(TASK INPUT begins)
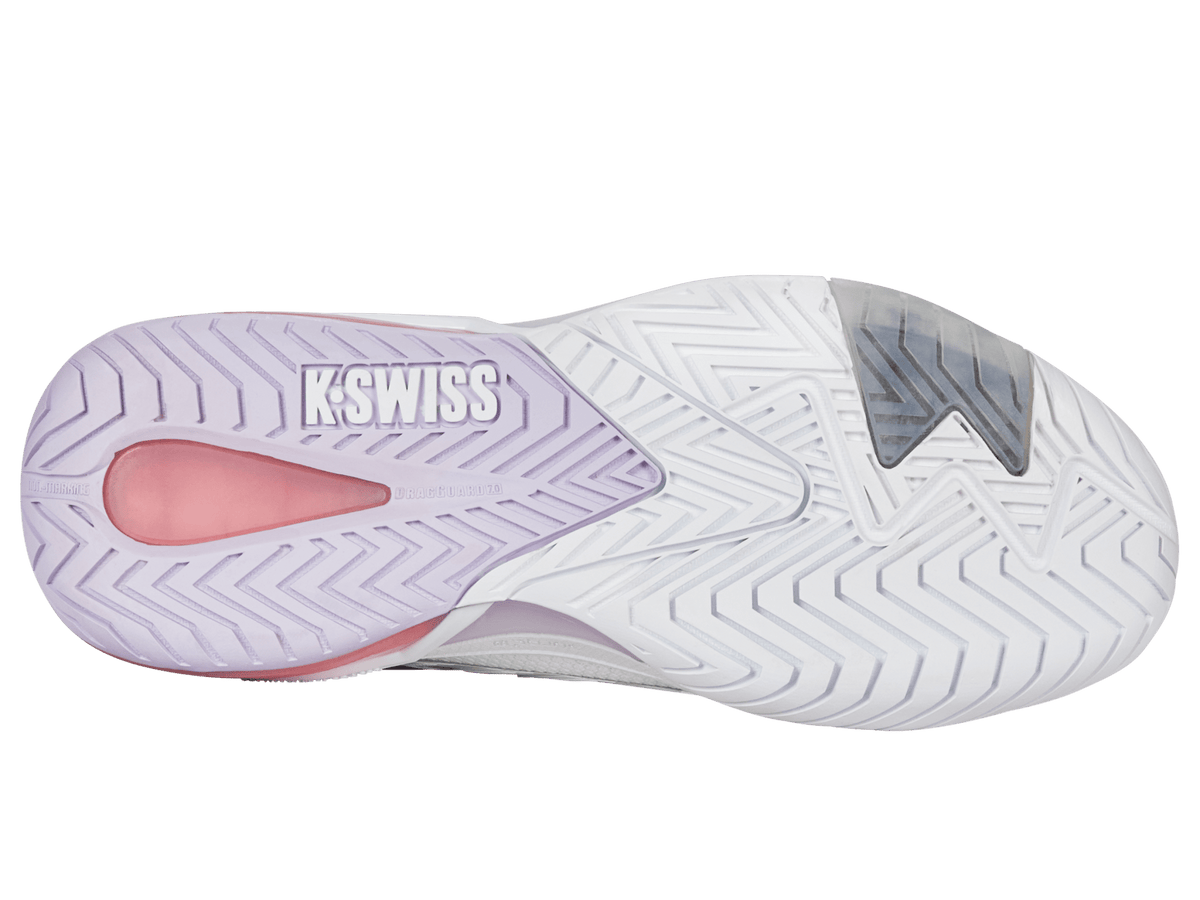 ULTRASHOT 4 – K-Swiss US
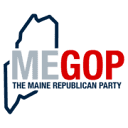 www.mainegop.com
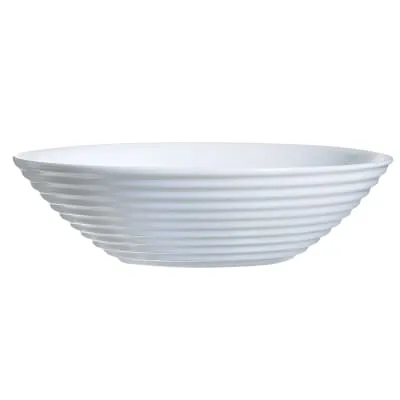 Supitaldrik Luminarc Harena 20cm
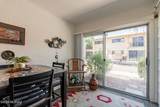1776 Palo Verde Avenue - Photo 8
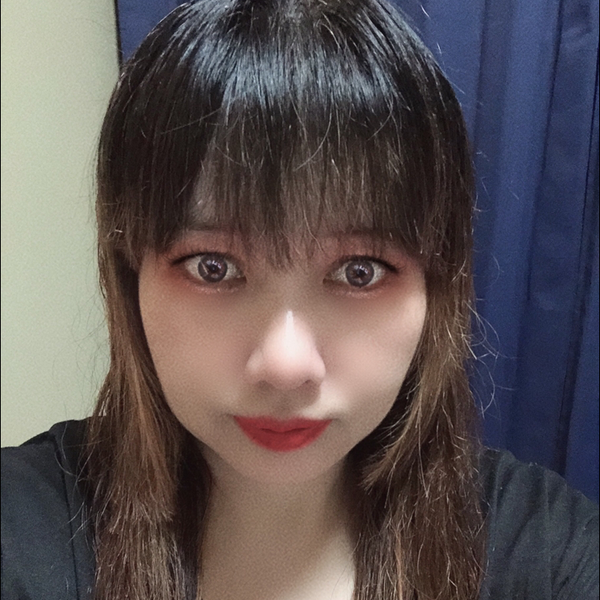 AKEMIðžãã®å¢ã¯æ¶ããŸãïŒãã£ãã·ã§ã³èªãã§ãâŒïžã®ãŠãŒã¶ãŒã¢ã€ã³ã³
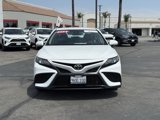 Used 2019 Toyota Yaris LE image 2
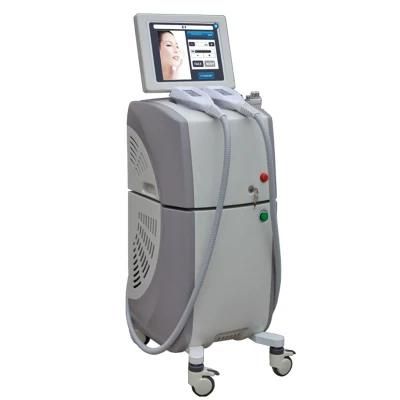 Cryo Fat Freezing Cellulite Removal Machine for Body and Chin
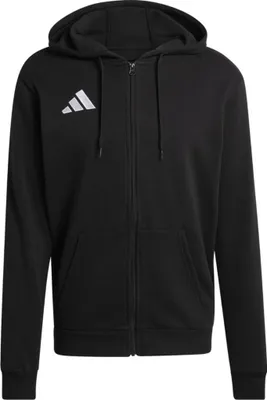 Image de Sweats Adidas KF5945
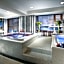 Somerset Heping Shenyang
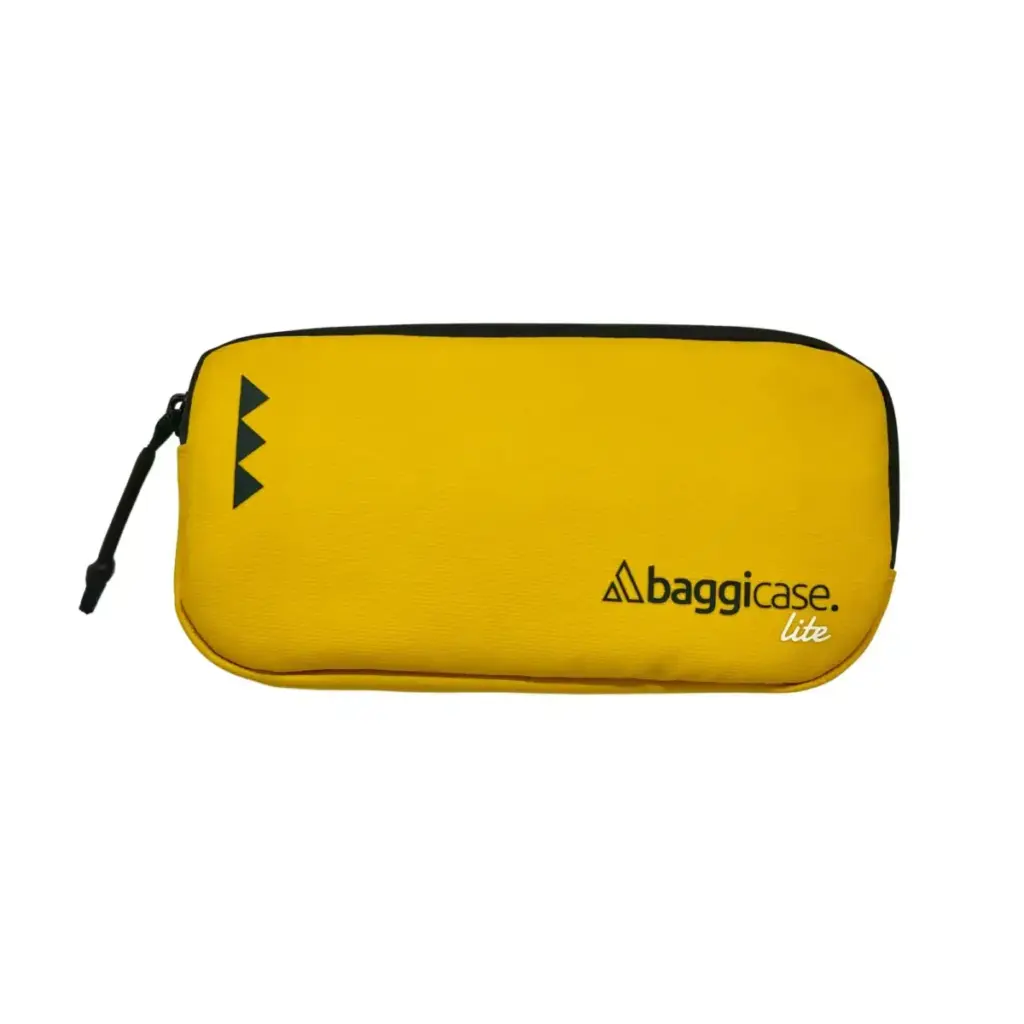 Baggicase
(TASK INPUT ends)
[EXERCISE OBJECTIVE] Leave the pictures aside and print exactly, and only, the lines from the one with "AKEMIðžãã®å¢ã¯" through the end of the data, both included.

[ANSWER SPACE]
 AKEMIðžãã®å¢ã¯æ¶ããŸãïŒãã£ãã·ã§ã³èªãã§ãâŒïžã®ãŠãŒã¶ãŒã¢ã€ã³ã³
 Used 2019 Toyota Yaris LE image 2
 Cryo Fat Freezing Cellulite Removal Machine for Body and Chin
 Image de Sweats Adidas KF5945
 Somerset Heping Shenyang
 Baggicase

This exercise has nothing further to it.